This time they both turned when Merlin woke. For his part Merlin looked feebly around, then tried to get up. As before, they both acted in unison, dashing towards Merlin to make sure he wouldn't actually go for a walkabout when his skin was so hot you could have fried eggs on it. 

Being as weak as a newborn kitten, Merlin wasn't difficult to tackle. He was, however, difficult to pacify. “Let me come,” he mumbled. “Please, let me. Let me. I...” There was a pause, as if Merlin had lost track of what he wanted to say, a hiss, and then the rest of what he meant came out, “I don't want to go to Camelot.”

“No,” said Arthur. “I'm not letting you do this to yourself.”

Gwaine wanted to defuse Merlin's determination with a joke, but found he couldn't quite. “Merlin, you can't help anybody like this. Don't be rash, my friend.”

Merlin scowled, but his struggles died down. He had no strength. Gwaine didn't feel too good about benefiting from that, but he did make use of Merlin's moment of weakness to follow his orders and start on his mission. He climbed on horseback. 

“Set out before he wakes again.” Arthur gave him a lopsided smile that didn't hide how tense he was. “Or--”

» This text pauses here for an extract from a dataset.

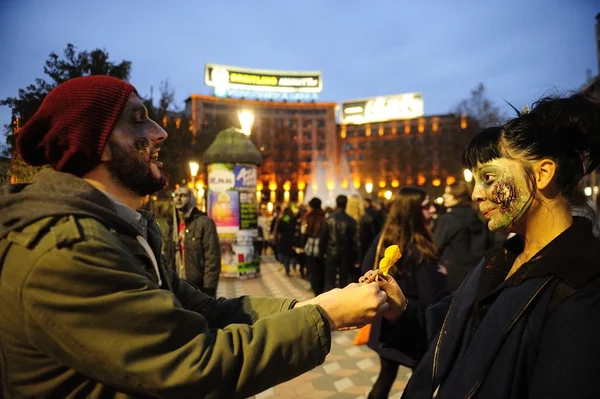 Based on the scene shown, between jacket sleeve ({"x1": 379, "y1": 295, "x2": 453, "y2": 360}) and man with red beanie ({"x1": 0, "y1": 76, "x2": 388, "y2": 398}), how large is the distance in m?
0.78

“I think I know Merlin.” Gwaine did. He and Merlin had been on many a quest together, through thick and thin, and if there was one thing Gwaine was aware of was how stupidly loyal Merlin could be. The stubborn man would likely try joining Arthur again if Gwaine didn't put some distance between them.

Not wasting further time, Gwaine encouraged his horse on and parted ways from Arthur and his fellow knights. 

He rode for hours, sticking to a path that was less well known and less direct than the other one he could have used. He did it because he knew there was less chance of encountering marauders on this stretch of road than on others. But that didn't mean it was an ideal path. He was wasting time and was sure not to get to Camelot before dark. 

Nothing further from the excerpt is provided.